Simek, during his nearly 25 years with the university, has developed programs for community involvement, expanded existing offerings, managed the community organic garden, led interpretive programs, created new field trip options for area schools—12,000-15,000 school children visit the EIC annually—and more.

Simek is driven by the curiosity people have, especially kids, when discovering plants, animals and insects. On bird walks, he’s seen birds that migrate up to our region from the rainforests nesting in the trees. And, with the honeybee hives on campus, he’s given community residents the chance to act as a beekeeper.

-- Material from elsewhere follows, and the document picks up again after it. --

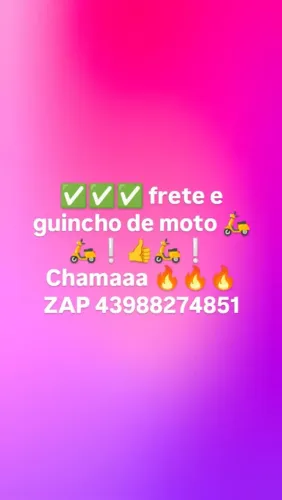 Frete e guincho de moto ? ? chama ?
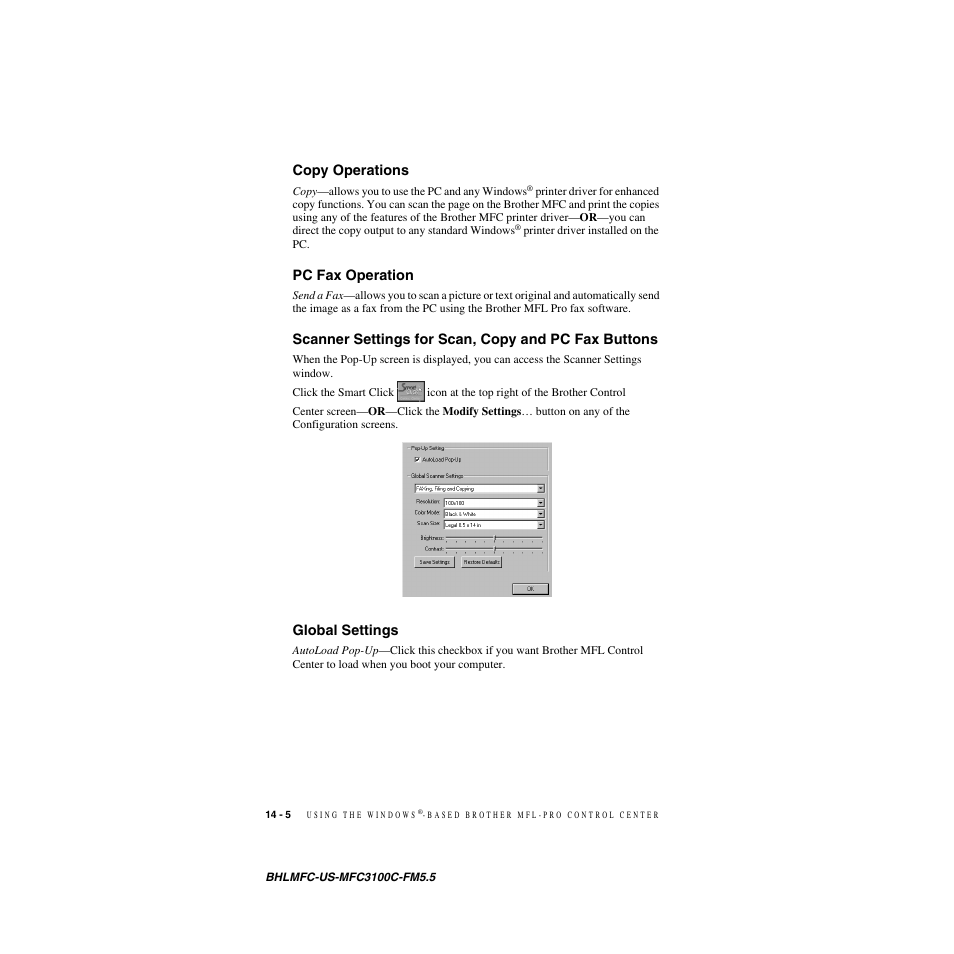 Copy operations, Pc fax operation, Scanner settings for scan, copy and pc fax buttons | Global settings | Brother MFC-3100C User Manual | Page 122 / 210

“With preserving this area, the university has given people—myself included—direct access to hands-on personal experience with nature. It is truly one-of-a-kind. Something people might only otherwise see on TV or read about, they’ve been able to see or do here,” said Simek, who worked for Cranbrook Institute of Science and the Huron-Clinton Metroparks before UM-Dearborn. “We want people to connect with what they can find outdoors. I guess you could say it’s my passion.”

And that passion only grows as he sees others find a love of the great outdoors.

“Doing this for so long, I’ve seen the progression of a grade-school student who has come to the EIC on a field trip, who later came to the university as a college student, and was then inspired to go out after graduation and get others excited about discovering and preserving nature through a career,” he said.  “It’s a very cool thing to see and I am so grateful to have been a part of it.”